Ce n’est à utiliser que si vous savez vraiment que quelque chose ne passera pas de toute façon. Si vous savez que quelqu’un « de droite » ou « de gauche », ou « antivax », ou « végan », ça n’est même pas la peine d’y penser… Oui, vous pouvez aborder la question rapidement et à l’écrit : ça peut même éviter de faire perdre du temps à tout le monde.
Simplement, tâchez de rester courtois : si vous voulez refusez d’envisager une relation avec quelqu’un d’un autre bord, rappelez-vous que c’est quelque chose qui vous appartient. Que c’est pour vous qu’une telle histoire est impossible. Inutile d’en profiter pour lui faire la leçon ou chercher à le ou la convaincre. Une fois de plus, ce n’est pas le bon espace pour ça !
Les premiers « dates »
Je l’ai souvent écrit ici : un premier rendez-vous, c’est pour faire connaissance, apprendre à se connaître et surtout voir comment on se sent en présence de l’autre, si l’on apprécie sa façon d’être, de plaisanter, de penser.
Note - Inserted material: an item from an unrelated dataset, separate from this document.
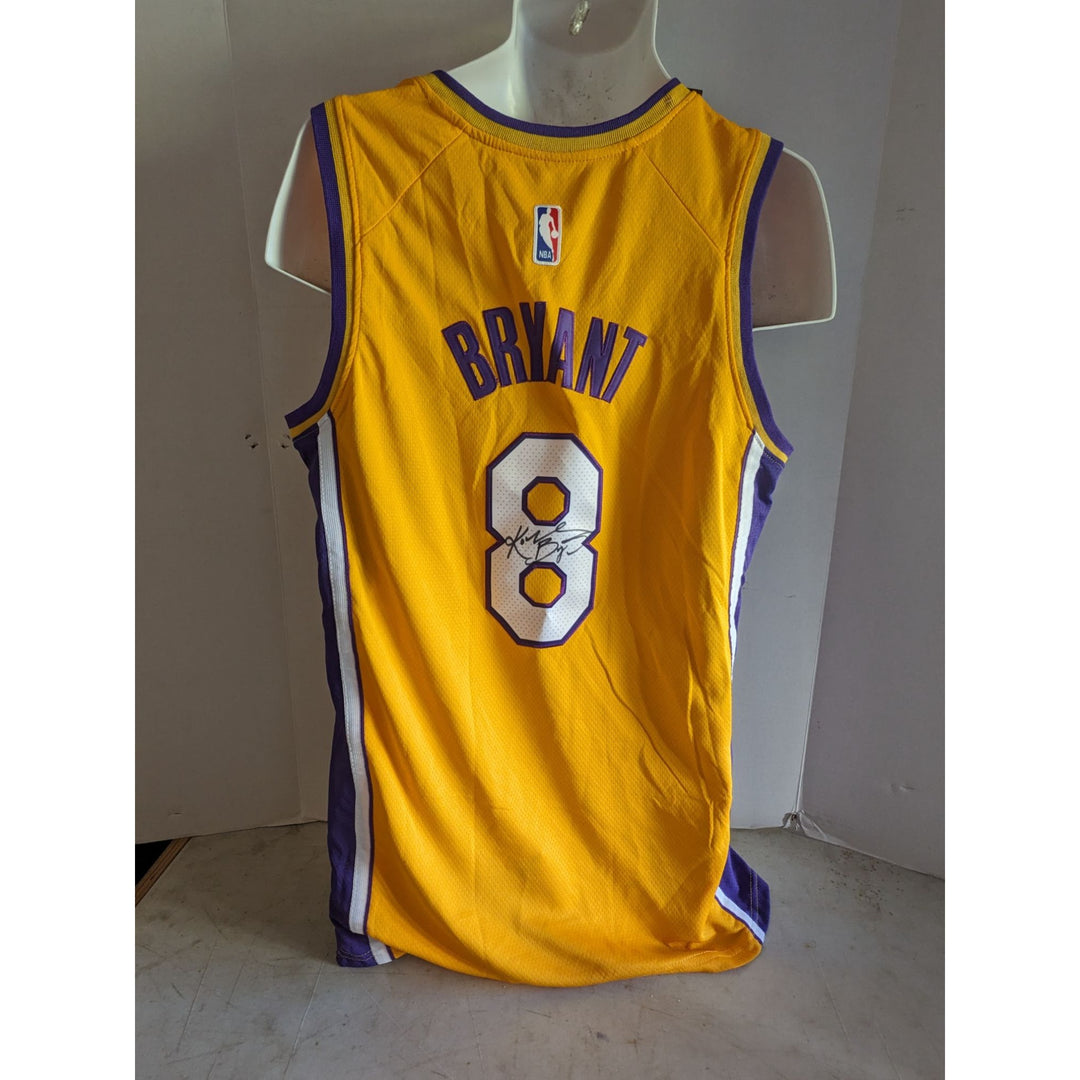 Kobe Bryant vintage Los Angeles Lakers jersey size xl signed with proof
Pas une épreuve de drague ou un test de qualification. Aussi, non, ne mettez pas la politique comme une case à cocher parmi d’autres détails à connaître absolument… Laissez faire les choses.
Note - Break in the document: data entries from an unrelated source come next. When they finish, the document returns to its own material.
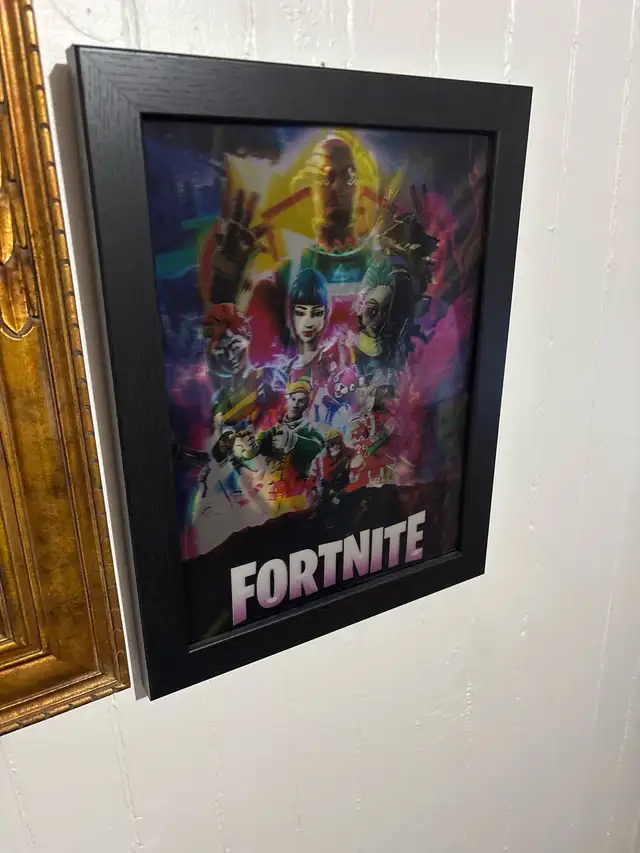 cadre Fortnite in Other in Québec City - Image 3
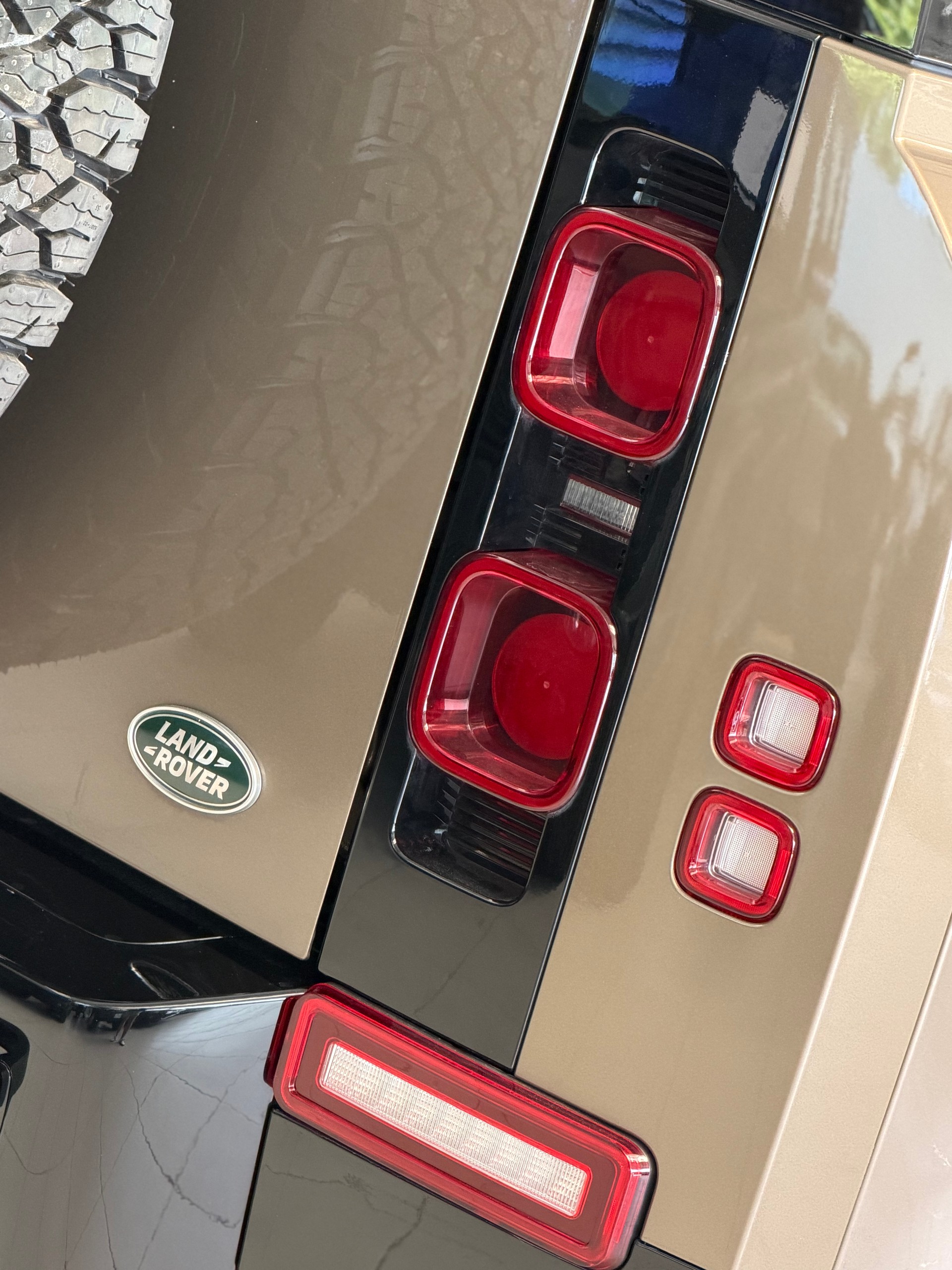 LAND ROVER Defender 90 3.0D I6 250 SE AT8-image-11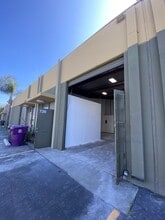 701-833 W Anaheim St, Long Beach, CA à louer Photo intérieure- Image 1 de 7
Déjà, il n’est pas impossible que l’un ou l’autre parle, spontanément, de tel événement de l’actualité, et de ce qu’il ou elle ressent… Mais sinon, peut-être sentirez-vous, au premier, deuxième o troisième rendez-vous, ou, qui sait, après une nuit passée ensemble, qu’il est temps pour vous de poser une question plus ou moins directe, et plus ou moins innocente…
Voici mon conseil : en cas de désaccord, commencez par sourire intérieurement, par souffler et respirer. Ce n’est ni le lieu, ni le moment pour se lancer dans un de ces débats qui gâchent les repas de famille.
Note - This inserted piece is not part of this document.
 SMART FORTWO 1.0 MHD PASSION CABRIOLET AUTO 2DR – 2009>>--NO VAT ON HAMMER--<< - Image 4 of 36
En revanche, c’est tout à fait le lieu, et complètement le moment, pour apprendre à mieux vous connaître mutuellement. Cherchez donc, plutôt qu’à convaincre ou vous livrer, à comprendre le raisonnement de votre peut-être futur(e) partenaire. Laissez-le ou la parler.
D’abord, par le temps qui courent, ça ne fait jamais de mal de discuter à tête reposée entre personnes n’ayant pas tout en commun. Ensuite, vous verrez quelle importance il ou elle accorde à tel ou tel sujet, si c’est, justement, une valeur intrinsèque à la personne, ou quelque chose qui ne l’occupe qu’une fois tous les cinq ans, par exemple.
Si cela repose sur du vécu, des sentiments, des lectures… Tout cela vous en dira beaucoup sur la personne elle-même et sur l’ampleur éventuelle de votre désaccord. Et donc vous aidera à savoir si celui-ci est irréconciliable ou anecdotique. Bonus : vous verrez si la personne vous accorde le même traitement et vous donne le temps, à vous aussi, de vous expliquer, de vous livrer. Et donc si vous vous comprenez, à un niveau plus fondamental. Si vous avez la même approche de la vie. Si vous vous sentez à l’aise ensemble, ou pas.
Une telle conversation pourra, d’ailleurs, plus facilement dériver vers une discussion sur des sujets plus « de couple ». Où partir en vacances ? Qu’est-ce qu’une bonne journée ? Quels sont les artistes, les stars, les penseurs, qui vous touchent ? Quelles sont vos craintes, ou vos espoirs, sur le monde qui se construit pour les générations futures ? Quelles valeurs transmettre à un enfant ? (C’est un peu tôt sans doute pour parler d’avoir des enfants ensemble… Mais ça peut être intéressant d’en savoir un peu plus sur les enfants de votre partenaire, dans l’hypothèse où il ou elle en a déjà eu d’une histoire précédente).
Conclusion
Et… voilà ! La politique est si tendue en ce moment, en France comme ailleurs, qu’on peut avoir envie de mettre la question sous le tapis… Alors qu’elle est tout à fait légitime et, une fois de plus, révélatrice d’aspects plus profonds, plus importants pour une vie de couple, d’une personne. Il s’agit, au fond, de sa façon de voir le monde, la société, la vie, l’avenir… Il n’y a pas de mal à vouloir connaître ça de quelqu’un, quand on fait une rencontre amoureuse.
Au fond, en politique comme en amour, il est important de savoir réellement vers quoi on s’engage, quand on donne une voix à son élu(e), fût-ce celui ou celle de votre cœur.